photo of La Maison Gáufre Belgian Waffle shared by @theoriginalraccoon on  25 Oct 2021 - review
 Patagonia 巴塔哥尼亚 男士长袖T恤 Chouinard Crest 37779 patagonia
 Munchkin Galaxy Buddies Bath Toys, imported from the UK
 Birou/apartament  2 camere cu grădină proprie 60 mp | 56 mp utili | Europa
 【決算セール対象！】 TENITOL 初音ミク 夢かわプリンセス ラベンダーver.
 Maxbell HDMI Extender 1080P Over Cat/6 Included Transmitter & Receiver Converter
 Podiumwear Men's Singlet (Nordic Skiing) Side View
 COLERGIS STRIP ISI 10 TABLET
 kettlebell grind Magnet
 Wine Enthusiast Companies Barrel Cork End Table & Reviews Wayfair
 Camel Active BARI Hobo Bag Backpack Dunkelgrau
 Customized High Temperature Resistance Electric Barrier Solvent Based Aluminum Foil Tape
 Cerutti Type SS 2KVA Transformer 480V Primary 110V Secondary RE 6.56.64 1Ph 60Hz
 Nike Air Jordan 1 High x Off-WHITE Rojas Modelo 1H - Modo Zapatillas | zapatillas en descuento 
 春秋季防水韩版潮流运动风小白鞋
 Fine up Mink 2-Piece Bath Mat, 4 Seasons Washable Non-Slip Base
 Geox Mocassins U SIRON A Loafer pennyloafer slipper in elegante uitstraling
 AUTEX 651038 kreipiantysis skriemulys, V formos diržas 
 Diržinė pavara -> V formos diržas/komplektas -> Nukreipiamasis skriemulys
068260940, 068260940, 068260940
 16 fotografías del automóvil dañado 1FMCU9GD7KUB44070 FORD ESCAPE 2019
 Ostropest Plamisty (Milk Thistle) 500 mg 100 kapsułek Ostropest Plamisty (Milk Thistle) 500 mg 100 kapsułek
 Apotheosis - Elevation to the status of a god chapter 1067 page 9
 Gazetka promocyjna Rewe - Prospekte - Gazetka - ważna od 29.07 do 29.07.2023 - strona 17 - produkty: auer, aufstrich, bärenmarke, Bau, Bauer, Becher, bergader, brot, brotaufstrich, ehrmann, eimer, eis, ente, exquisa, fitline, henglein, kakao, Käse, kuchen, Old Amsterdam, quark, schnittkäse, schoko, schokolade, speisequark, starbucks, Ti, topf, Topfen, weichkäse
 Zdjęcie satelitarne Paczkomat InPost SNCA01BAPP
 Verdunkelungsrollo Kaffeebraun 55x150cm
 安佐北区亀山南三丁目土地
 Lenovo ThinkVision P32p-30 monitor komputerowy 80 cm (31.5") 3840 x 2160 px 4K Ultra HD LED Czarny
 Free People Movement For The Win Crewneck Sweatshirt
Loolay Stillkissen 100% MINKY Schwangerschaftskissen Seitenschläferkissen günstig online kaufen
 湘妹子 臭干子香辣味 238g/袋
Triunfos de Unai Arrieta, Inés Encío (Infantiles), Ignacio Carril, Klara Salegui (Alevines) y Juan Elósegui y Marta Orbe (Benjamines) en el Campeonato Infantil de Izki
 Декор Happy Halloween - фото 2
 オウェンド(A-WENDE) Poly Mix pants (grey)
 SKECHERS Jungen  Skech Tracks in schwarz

§ **Goal of the exercise**: Word for word, restate the lines of the listing above starting at the line with "春秋季防水韩版潮流运动风小白鞋" and ending at the line with "16 fotografías del", and nothing outside them.

§ **Result of this task**:
 春秋季防水韩版潮流运动风小白鞋
 Fine up Mink 2-Piece Bath Mat, 4 Seasons Washable Non-Slip Base
 Geox Mocassins U SIRON A Loafer pennyloafer slipper in elegante uitstraling
 AUTEX 651038 kreipiantysis skriemulys, V formos diržas 
 Diržinė pavara -> V formos diržas/komplektas -> Nukreipiamasis skriemulys
068260940, 068260940, 068260940
 16 fotografías del automóvil dañado 1FMCU9GD7KUB44070 FORD ESCAPE 2019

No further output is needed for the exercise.